S$0.61-HIPS.SI
? Hi-P restarted their share buy back program yesterday, having bought 129,000 shares at 60 cents each.
? Their buy back represented 13% of yesterday’s volume of 1,023,000 which is low compared to as much as 70-80% in their past buy back programs.
? This is the first buy back since the company last did on 25 Feb’11 when they bought 168,000 shares at S$1.18 each.
? This being the first buy back, it would likely be too early to judge how successful and powerful it would be in terms of benefitting its share price.
? However, in an overall weak market yesterday (where the Singapore index fell almost 1%), Hi-P’s share price had already outperformed significantly, having risen 7% on just over 1mln shares traded, above its 6 month average of 300,000 shares.
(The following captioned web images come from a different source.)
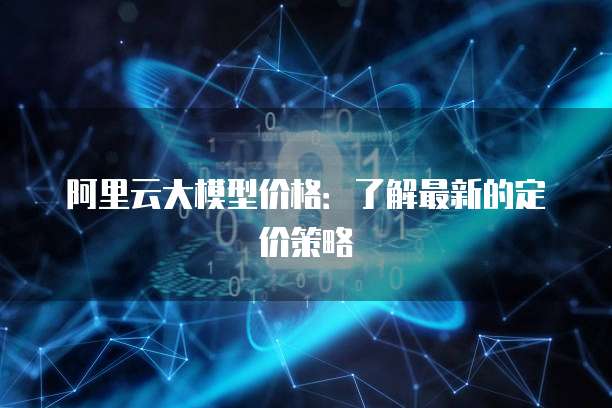 阿里云大模型价格:了解最新的定价策略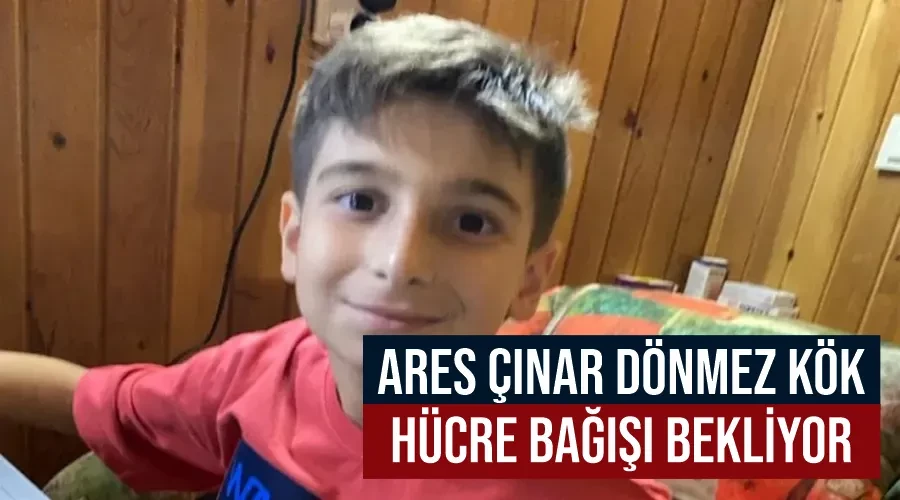 Ares Çınar Dönmez kök hücre bağışı bekliyor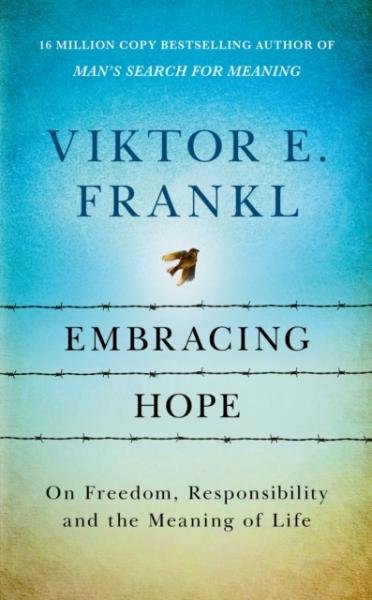 Embracing Hope: On Freedom, Responsibility &amp; the Meaning of Life - Viktor Emanuel Frankl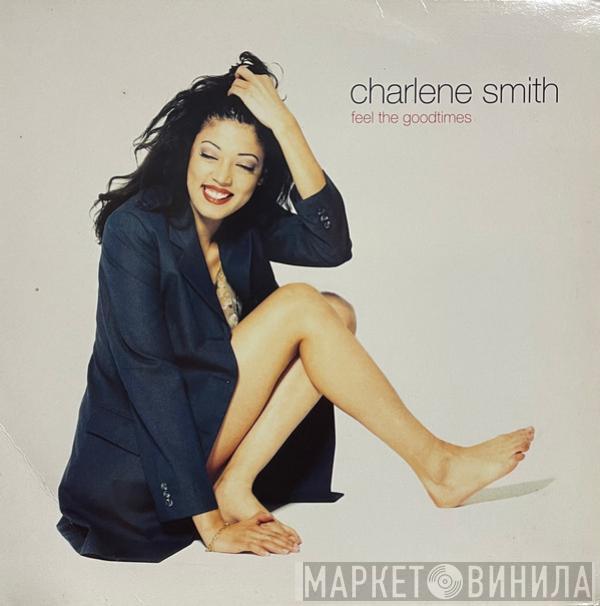  Charlene Smith  - Feel The Goodtimes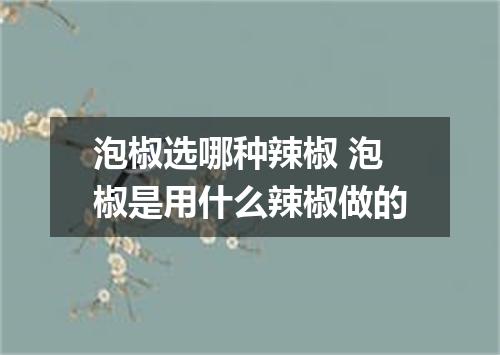 泡椒选哪种辣椒 泡椒是用什么辣椒做的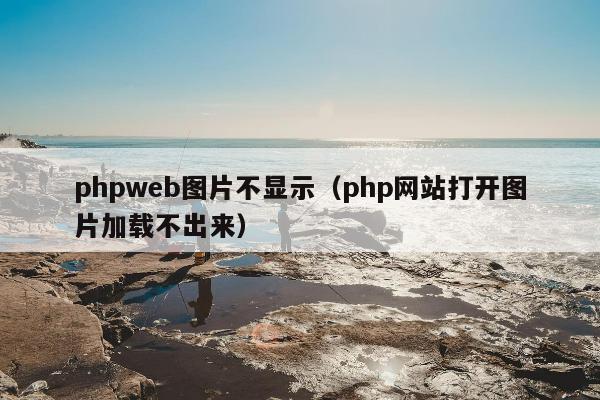 phpweb图片不显示（php网站打开图片加载不出来）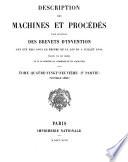 Description des machines et procédés pour lesquels des brevets d'invention ont été pris sous le régime de la loi du 5 Juillet 1844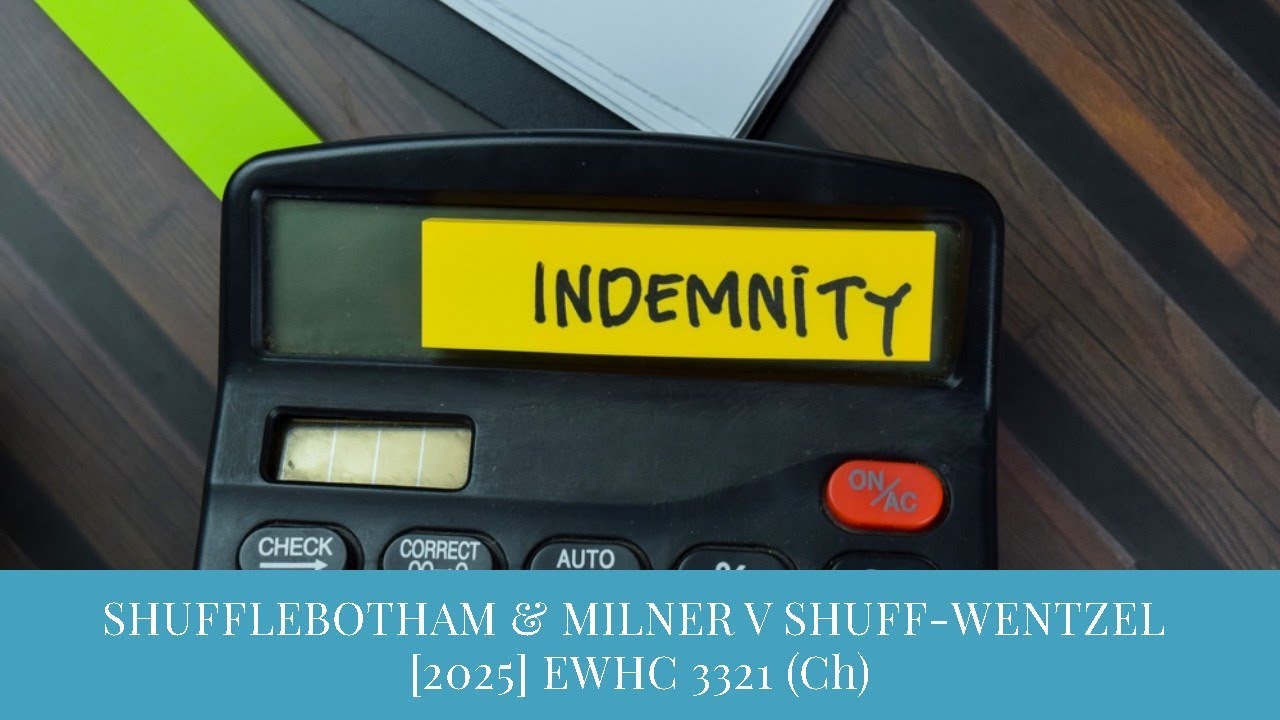 TMC LEGAL | SHUFFLEBOTHAM & MILNER V SHUFF-WENTZEL [2025] EWHC 3321 (Ch)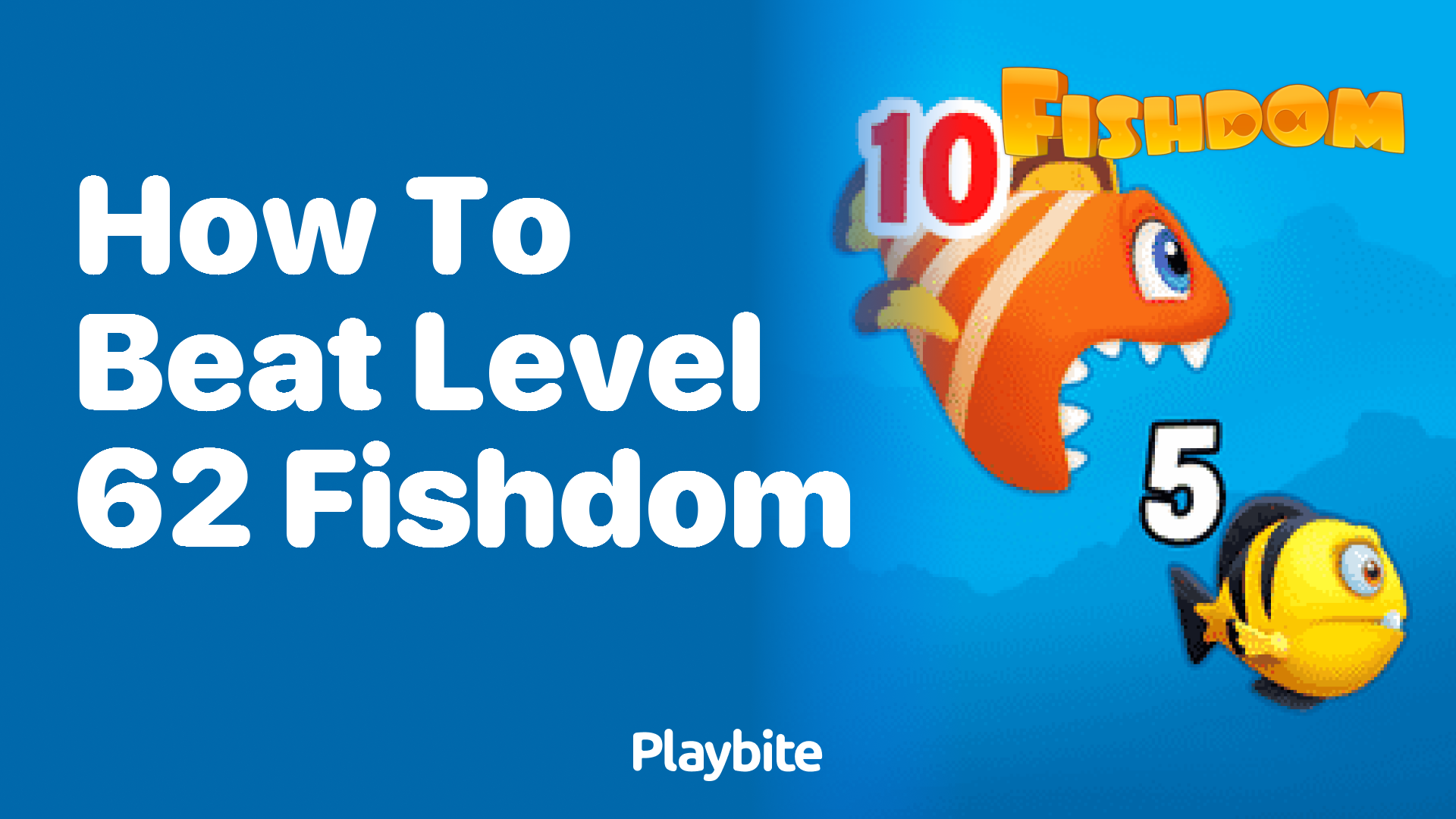 How to Beat Level 62 in Fishdom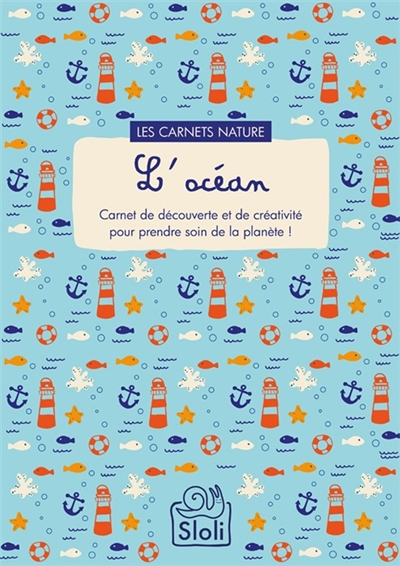 L'océan : carnet de découverte et de créativité pour prendre soin de la planète !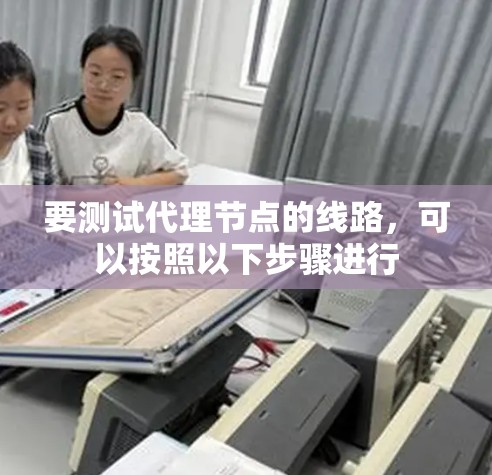 要测试代理节点的线路,可以按照以下步骤进行 要测试代理节点的线路,可以按照以下步骤进行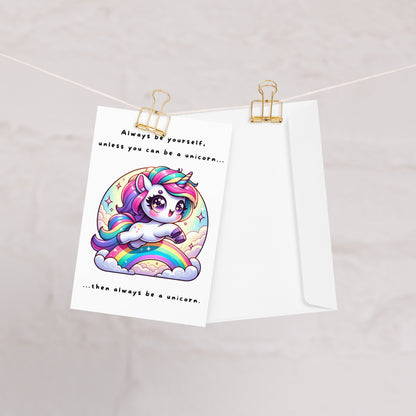 Always be a Unicorn on Clouds Greeting Card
? This is likely due to the fact that the company’s last share buy back program done between June’10 till Feb’11 had seen the stock rise significantly from the 50 cents level to S$1.20, and since the company is again restarting its share buy back program around the same level as their last buy back program, the market would likely see it as a powerful early signal again.
? And both times the company is starting its buy back program when its cash holding accounts for about 40+% of its share price.
? The last time when the company started their share buy back in June’10 till Feb’11, the company’s bottomline swung from its first ever loss in 1Q’10 to hit a record profit of S$36mln in 4Q’10 on the back of maiden contributions from Apple as well as ramp up of shipments from Research In Motion (RIM).
? This time however, management is warning about continued pricing pressures from customers and European analysts are concerned that RIM has missed the window of opportunity presented by Nokia’s falling on hard times.
? Management expect profit to improve in 4Q’11 over 3Q’11’s depressed S$6+mln, but it will not reach 4Q’10’s record S$36mln as well as their usual range of S$20+mln due to continued pricing pressures from key customers, consolidation and impairment charges, rising commodity & labor costs, uncertain macro environment as well as volatile forex rate.
? It is useful to recall how the last share buy back program had pushed the stock above the multi-month range of 50-75 cents, which suggests the 75 cents area would likely present some technical resistance this time around unless of course the operating environment were to improve so dramatically, accompanied by some big order wins for Hi-P.
? However, at 0.9x price to book, which is below its historical average of 1.2x coupled with the company having restarted their share buy back program, we are reinstating our BUY recommendation on the stock. (With the latest book value of 70.65 cents a share, 1.2x price to book translates to 85 cents while at the S$1.24 high in Feb’11, price to book was 1.8x).